The New Rules of Email Subscriber Acquisition:
- Don’t jeopardize the inbox. In other words, don’t engage in any acquisition tactic that may have a negative impact on your delivery. In practice this means that you should never add anyone to your subscriber list that you don’t know for certain wants to be there. Sounds straightforward, right? But every time you use co-registration to acquire new addresses you are breaking this rule. In fact, if you pre-check a “sign me up for email” box during the purchase confirmation process on your site you are also breaking this rule. Free-will opt-in means exactly what it says. That person willingly gave you his or her email address (or permission to use it) with the express intent of getting promotional emails or newsletters from you.
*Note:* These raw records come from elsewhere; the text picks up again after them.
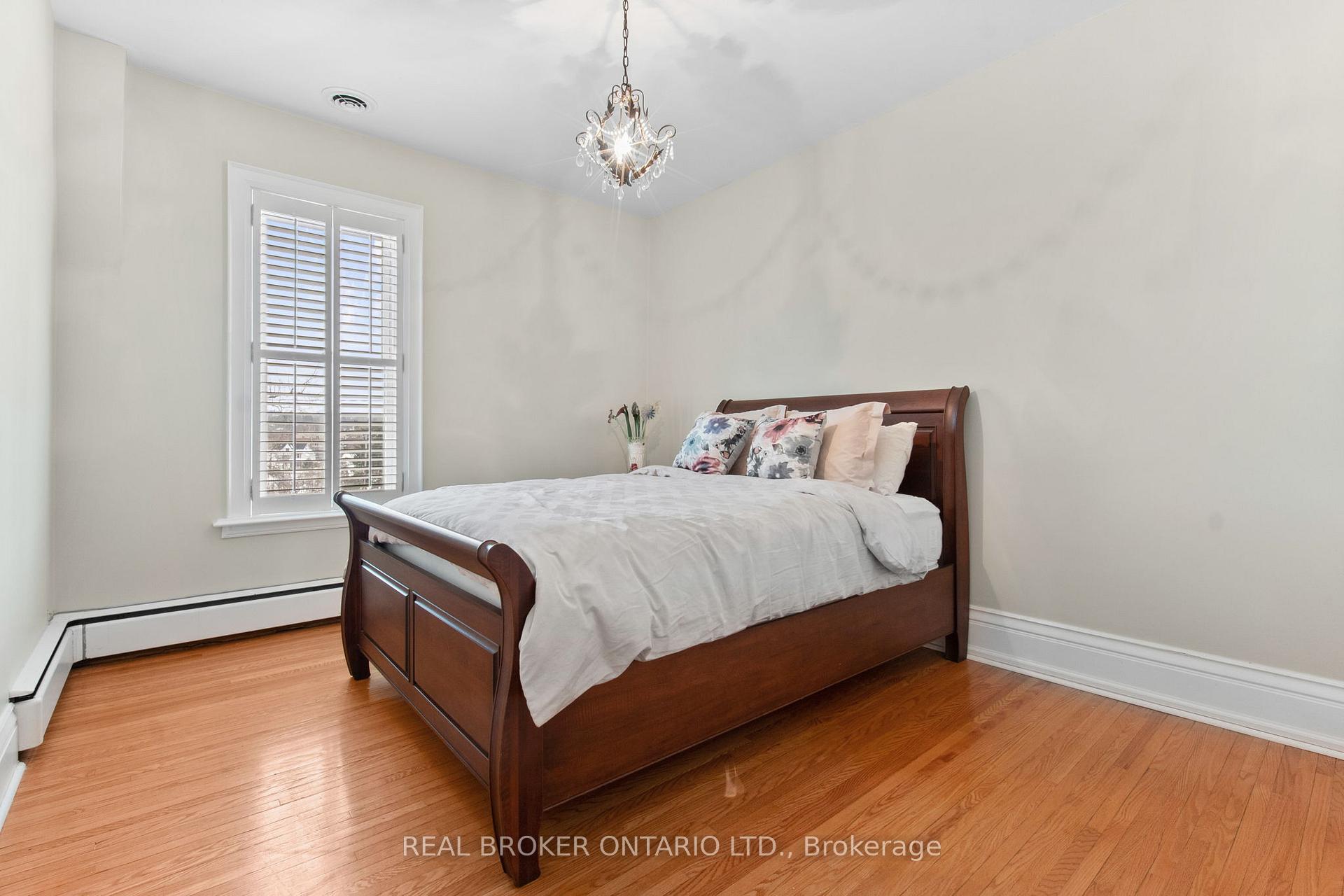 Photo 34 of 49 First Avenue, Uxbridge — HOMEH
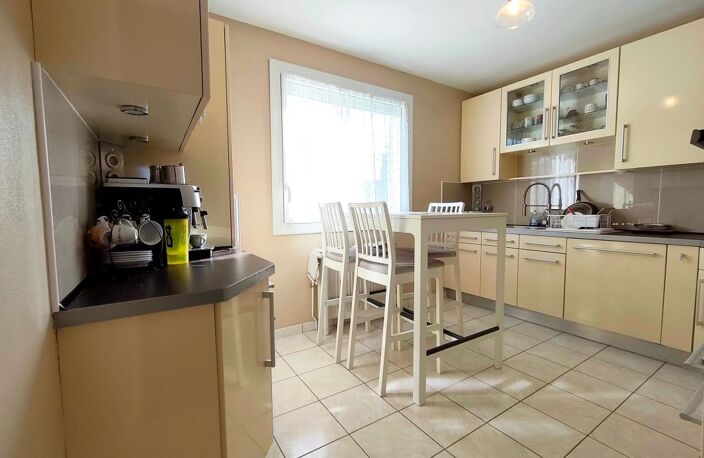 Maison À Vendre - 100 m² - Aubergenville — photo 3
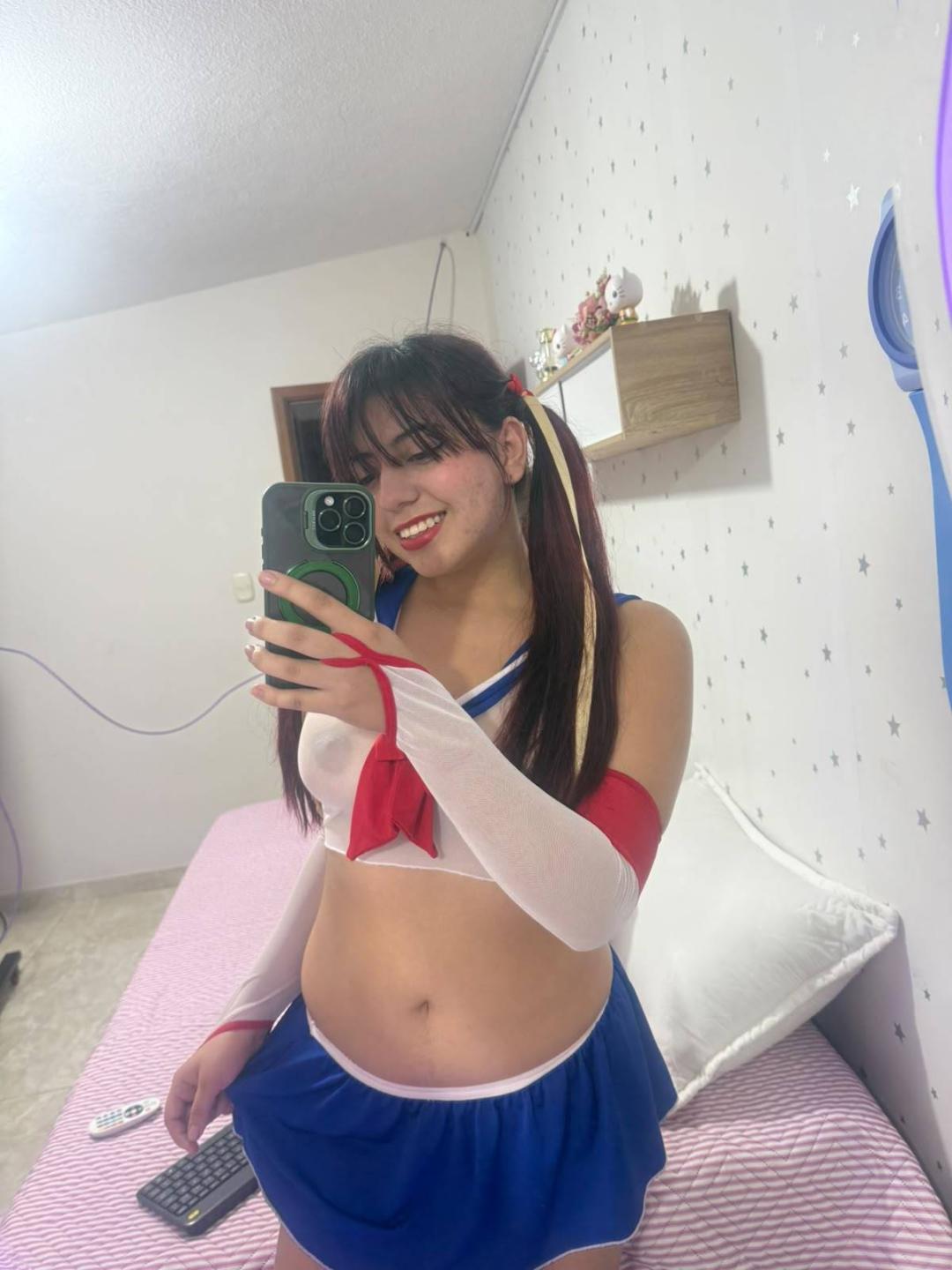 Image of cam model BrendaaPierce from XloveCam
- Quality is in; quantity is out. It’s longer about how many email addresses you add; what counts is how many email subscribers you add to your list. What’s the difference? An email address just sits in your database. You want to add email subscribers who open, click and transact. You know there is a person behind an email address that does those things. You don’t know what may be behind an email address that never engages. If these inactive email addresses were just overhead, that would be one thing. But we know they’re not. ISPs pay close attention to the promotional campaigns marketers send and will throttle campaigns (or worse) if a marketer continues to send campaigns including what the ISPs consider to contain too high a proportion of inactives.
- Don’t rely on dumb luck. In the old days of email address strip mining you could rely on dumb luck because it was a game of numbers. You knew you would get some quality addresses as long as you brought in enough total addresses. Today, email subscriber acquisition should be as disciplined as any other type of direct marketing. Which means you should target those sources that provide you with the highest quality of new email subscribers. And you should be continually testing new sources to see how they perform against your best existing sources. To do these things, however, requires that you know exactly where each new subscriber came from, and you also know exactly how well that subscriber performs after being added to your database. The real winners when it comes to email subscriber acquisition are those marketers who optimize on an ongoing basis the sources of new subscribers. Over time, they are adding more subscribers who engage and transact more often. Luck is not a strategy.
An immediate benefit for email marketers who follow the new rules is that they will find their ESPs to be willing partners in the effort. Because of the New Rules’ relentless focus on free-will opt-in, ESPs that I’ve worked with—most notably Cheetah Digital—have been very willing to work with their email clients and the right vendors to help grow higher performing email subscriber lists. The days of not talking about email subscriber acquisition in polite company can be put behind us! There are still plenty of marketers who aren’t following the new rules, and they will invariably run into the same problems as others have in the past. But I can assure you that if you follow the New Rules of Email Subscriber Acquisition your program results will improve as your list grows. And you won’t find yourself dealing with spamhaus or anyone else keeping you from the inbox.